Our test boat was equipped with hydraulic power steering that provided effortless fingertip control. While it was easy on my arms, I personally prefer a bit more feedback. Sunseeker is fine-tuning the system with that in mind. The tightly grouped, racing-style Teleflex Morse controls are a logical choice for the three-engine power package. Her bucket-style helm and companion seating can be rotated for a view aft or configured in a bolster-style position. The console has plenty of space for the Yamaha engine instrumentation and large-screen electronics. A drink box is an arm's length away and can be refrigerated.

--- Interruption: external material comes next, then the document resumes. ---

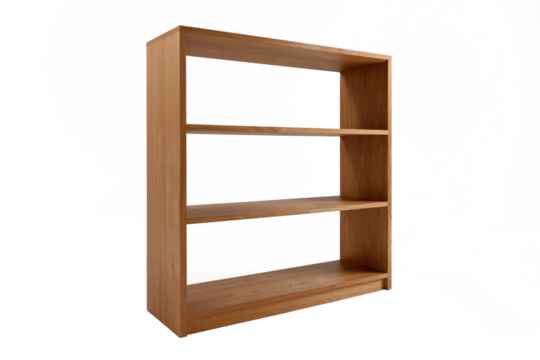 Minimalist wooden bookcase standing upright, offering three empty horizontal shelves for books or decorative items, crafted from light-colored wood, presented isolated on a transparent background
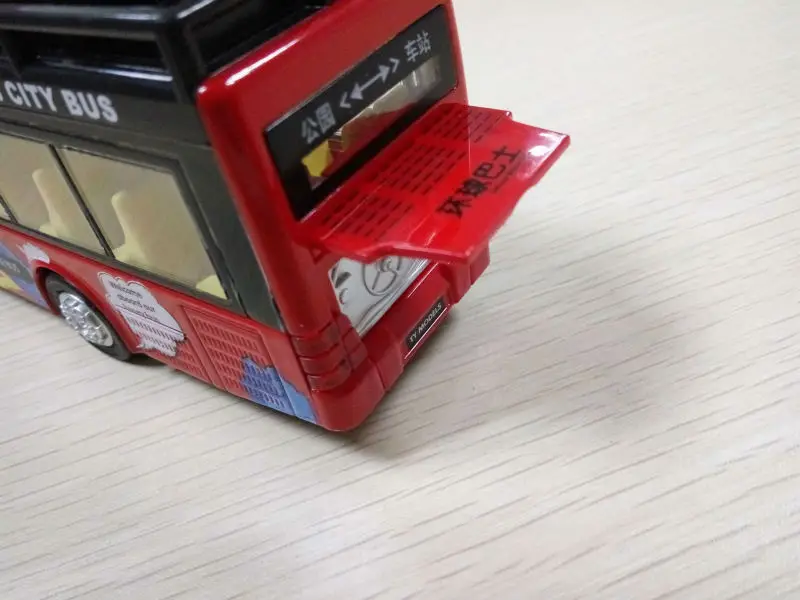 Городской туристический автобус длиной 20 см терраса с мигающими огнями и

The 37 appears to be put together with the same thinking and care as her larger sisters. Her hull bottom is a solid fiberglass laminate composed of stitched multi-directional reinforcement and mat. Longitudinal stringers are supported by transverse bulkheads and floors. Her topsides are cored with end-grain balsa from the waterline up; the foredeck and cockpit sole also are cored with balsa. The hull and deck are bonded with fiberglass and mechanically fastened.

Systems appear robust and neatly installed. There is a main 12-volt DC distribution panel aft, under the cockpit and adjacent to the batteries. A 12-volt DC and 120-volt AC panel in the cabin handle the details, down to a lamp indicating if the waste seacock is open or closed. A single shorepower receptacle and 40-amp battery charger are standard, and there is space for an optional 5kW generator under the cockpit. Fuel is carried in a single aluminum tank, and two-cycle oil reservoirs with remote fills can be topped off on deck.

Fitted with triple 250 hp Yamahas, air-conditioning, a VacuFlush head system and a factory hardtop with outriggers, our test boat priced out at $419,307. If you're thinking about moving-up, down or sideways-toward a large open design, the 37 deserves a test drive.